Llevamos días en vilo con esa pregunta. Parece que las cosas se nos aclaran. Que muera uno por todos. Quienes entonces y ahora pronuncian estas proféticas palabras no se dan cuenta del alcance de lo que dicen. Piensan que es una manera de salir de la coyuntura política difícil en la que están y que Jesús con su predicación agrava aún más. Pero lo que no sospechan es que nos están dejando a la luz la respuesta a nuestra ansiosa pregunta. Como señala Juan, Jesús iba a morir por la nación; y no sólo por la nación, sino para reunir a los hijos de Dios dispersos. La suya no es una vida sin alcance, un azar del instante, una casualidad bella, sino una muerte por nosotros. ¿Por qué, por qué ha de morir él que es, no cabe duda ninguna, el inocente, la víctima sin tacha? ¿Por qué él y no ellos, aquellos judíos que entonces fueron a por él, y nosotros, que ahora le despreciamos y reímos con visajes y muecas como a alguien que perdió su comba? ¿Cómo su muerte inminente puede ser buena para nosotros, puede ser sacrificio expiatorio por nosotros, y por ellos también, por todos? La suya, ¿una muerte redentora?

Murió también por mí. Penetrar en la profundidad de estas palabras nos hace adentrarnos en el sentido mismo de su muerte, de la muerte de alguien que es ofrecido como víctima inocente y propiciatoria por los suyos, mejor, por todos. Él, en vez de mí. Él, por mí. Comprender esto, y vivirlo, es cosa para dejarle a uno estupefacto. Mirándole a él en esta situación en la que le han, le hemos y le he puesto, se comprenden dos cosas a la vez: quién soy y, de manera muy especial, quién es él. Porque al mirarle a él en el camino de pasión, comprendo quién soy yo, quienes somos nosotros, quiénes son ellos. Y no es este un comprender de condenación para nosotros, sino de gloria, de alegría, porque él, con su camino de pasión y de muerte, nos salva, nos limpia de nuestro pecado, nos redime, purificando en nosotros desde su raíz todo lo que nos impedía ver quién es él. Ahora, es ahora cuando comprendemos de nuestro enamoramiento, porque es ahora cuando nos ha hecho ver. Ver quién es él. Y, además, ver que a quien él continuamente llama mi Padre, es del mismo modo, en él, por él y con él, nuestro Padre. Jesús, así, se convierte en nuestro punto de convergencia. Todo en nosotros, ahora ya, tiende a él, estirando de nosotros hacia él, para hacernos llegar a ese punto de realidad en donde él está. Punto de acceso al Padre Dios. A su misericordia. A su gracia. A su vida.
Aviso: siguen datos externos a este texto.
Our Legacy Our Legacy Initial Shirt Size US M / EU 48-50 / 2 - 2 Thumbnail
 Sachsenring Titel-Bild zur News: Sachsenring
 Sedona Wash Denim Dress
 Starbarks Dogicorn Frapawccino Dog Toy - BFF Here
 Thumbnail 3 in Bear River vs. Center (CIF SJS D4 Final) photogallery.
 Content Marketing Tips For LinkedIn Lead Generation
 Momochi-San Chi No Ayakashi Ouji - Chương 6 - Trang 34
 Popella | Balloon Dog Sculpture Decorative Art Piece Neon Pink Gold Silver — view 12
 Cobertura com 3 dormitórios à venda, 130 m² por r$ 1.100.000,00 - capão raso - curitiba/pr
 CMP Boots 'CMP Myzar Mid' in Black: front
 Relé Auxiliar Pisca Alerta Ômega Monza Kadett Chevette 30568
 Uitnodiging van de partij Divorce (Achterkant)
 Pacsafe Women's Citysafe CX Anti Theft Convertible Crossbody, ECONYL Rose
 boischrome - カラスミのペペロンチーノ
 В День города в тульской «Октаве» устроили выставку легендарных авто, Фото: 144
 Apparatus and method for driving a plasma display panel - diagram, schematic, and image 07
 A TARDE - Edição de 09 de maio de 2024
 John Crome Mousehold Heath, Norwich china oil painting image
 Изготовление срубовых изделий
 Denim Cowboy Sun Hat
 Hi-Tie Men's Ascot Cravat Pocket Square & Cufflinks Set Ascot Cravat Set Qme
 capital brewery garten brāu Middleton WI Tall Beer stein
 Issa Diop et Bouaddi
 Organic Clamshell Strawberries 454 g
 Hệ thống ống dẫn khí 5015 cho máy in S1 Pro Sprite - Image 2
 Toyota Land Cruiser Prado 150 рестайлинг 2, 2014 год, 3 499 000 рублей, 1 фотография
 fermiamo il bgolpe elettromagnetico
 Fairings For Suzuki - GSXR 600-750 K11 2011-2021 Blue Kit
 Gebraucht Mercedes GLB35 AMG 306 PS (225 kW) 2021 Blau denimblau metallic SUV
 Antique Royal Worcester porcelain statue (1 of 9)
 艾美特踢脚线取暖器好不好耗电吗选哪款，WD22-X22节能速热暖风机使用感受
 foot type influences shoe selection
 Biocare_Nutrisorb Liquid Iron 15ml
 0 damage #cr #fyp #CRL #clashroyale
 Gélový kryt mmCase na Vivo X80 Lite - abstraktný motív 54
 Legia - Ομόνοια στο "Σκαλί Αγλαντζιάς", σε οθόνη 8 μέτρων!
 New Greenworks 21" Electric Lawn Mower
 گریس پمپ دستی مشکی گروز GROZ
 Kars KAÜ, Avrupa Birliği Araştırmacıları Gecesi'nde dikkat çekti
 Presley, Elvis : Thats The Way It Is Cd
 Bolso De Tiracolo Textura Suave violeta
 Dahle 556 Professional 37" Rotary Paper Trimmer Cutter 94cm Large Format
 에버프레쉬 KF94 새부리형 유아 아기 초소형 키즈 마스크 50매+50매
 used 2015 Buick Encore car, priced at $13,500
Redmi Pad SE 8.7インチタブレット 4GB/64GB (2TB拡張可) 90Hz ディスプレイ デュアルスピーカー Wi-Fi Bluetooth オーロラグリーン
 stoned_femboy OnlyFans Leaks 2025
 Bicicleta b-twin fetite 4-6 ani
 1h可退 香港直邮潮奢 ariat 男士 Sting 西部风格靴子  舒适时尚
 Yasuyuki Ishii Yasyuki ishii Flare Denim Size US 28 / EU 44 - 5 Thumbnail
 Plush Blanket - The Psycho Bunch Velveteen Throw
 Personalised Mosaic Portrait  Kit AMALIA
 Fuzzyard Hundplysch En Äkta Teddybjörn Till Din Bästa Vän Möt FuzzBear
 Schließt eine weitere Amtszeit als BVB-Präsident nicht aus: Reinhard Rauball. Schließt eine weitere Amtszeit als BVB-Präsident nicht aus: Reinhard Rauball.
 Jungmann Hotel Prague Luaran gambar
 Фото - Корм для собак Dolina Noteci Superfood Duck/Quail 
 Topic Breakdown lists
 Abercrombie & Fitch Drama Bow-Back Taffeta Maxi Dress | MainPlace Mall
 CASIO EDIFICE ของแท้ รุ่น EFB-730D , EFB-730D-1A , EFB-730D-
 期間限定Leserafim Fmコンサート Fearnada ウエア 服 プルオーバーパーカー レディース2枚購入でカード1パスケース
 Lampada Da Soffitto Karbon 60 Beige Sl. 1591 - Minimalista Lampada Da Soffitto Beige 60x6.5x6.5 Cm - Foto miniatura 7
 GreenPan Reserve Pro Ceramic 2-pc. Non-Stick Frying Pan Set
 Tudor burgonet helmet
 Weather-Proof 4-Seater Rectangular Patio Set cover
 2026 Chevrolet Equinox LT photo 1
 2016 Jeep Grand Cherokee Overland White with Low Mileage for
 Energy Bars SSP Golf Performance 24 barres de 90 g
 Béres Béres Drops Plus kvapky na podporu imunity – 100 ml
Hemos ido, así, comprendiendo el significado de realidad de esa atracción que nos enamoró para siempre. No es una ilusa ilusión en nuestra vida, algo irreal que nos ayudará a ir tirando, sino que es la realidad misma de lo que somos, de una realidad que, en él, con él y por él, se nos dona graciosamente. Así, somos criaturas nuevas, criaturas de una nueva creación. Hechos ahora más y mejor que nunca a su imagen y semejanza, pues ahora tenemos los medios y las capacidades para serlo de verdad en el hondón de nosotros mismos y en la realidad de nuestras vidas. Sólo nos queda vivir al completo de esa realidad y hacer que crezca hacia todos los horizontes.